» Information shown
* * * * *

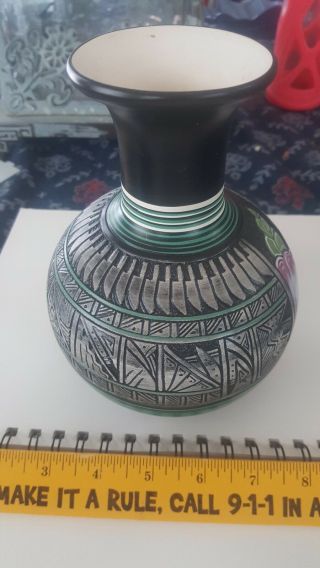 Vintage Paul Lansing / Navajo Pueblo Carved Pottery Vase Hummingbird 3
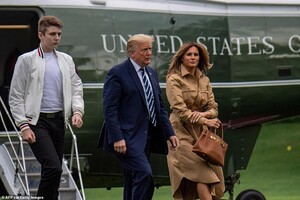 32029146-8634033-Melania_appeared_in_higher_spirits_as_she_strolled_alongside_her-a-30_1597667241494.jpg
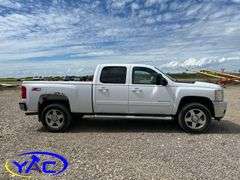 2011 CHEV SILVERADO 2500HD CREWCAB 4WD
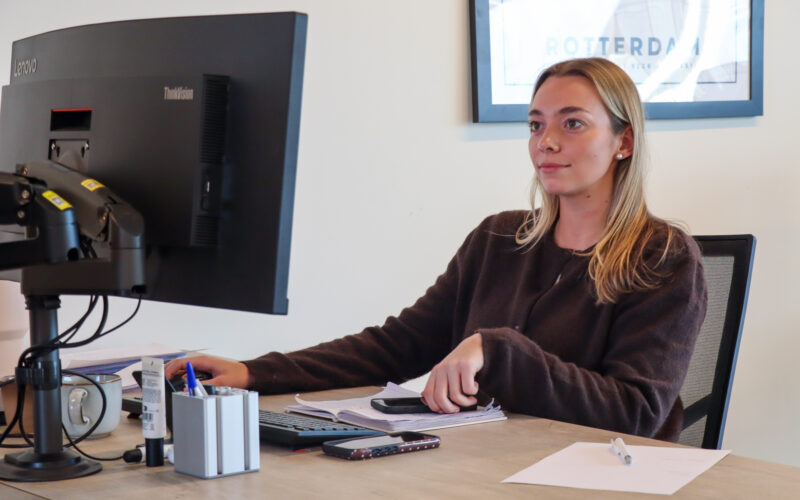Rosa van Intro Personeel aan het werk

* * * * *

Pictures aside, reproduce all of the material above without alteration.

 Vintage Paul Lansing / Navajo Pueblo Carved Pottery Vase Hummingbird 3
 32029146-8634033-Melania_appeared_in_higher_spirits_as_she_strolled_alongside_her-a-30_1597667241494.jpg
 2011 CHEV SILVERADO 2500HD CREWCAB 4WD
Rosa van Intro Personeel aan het werk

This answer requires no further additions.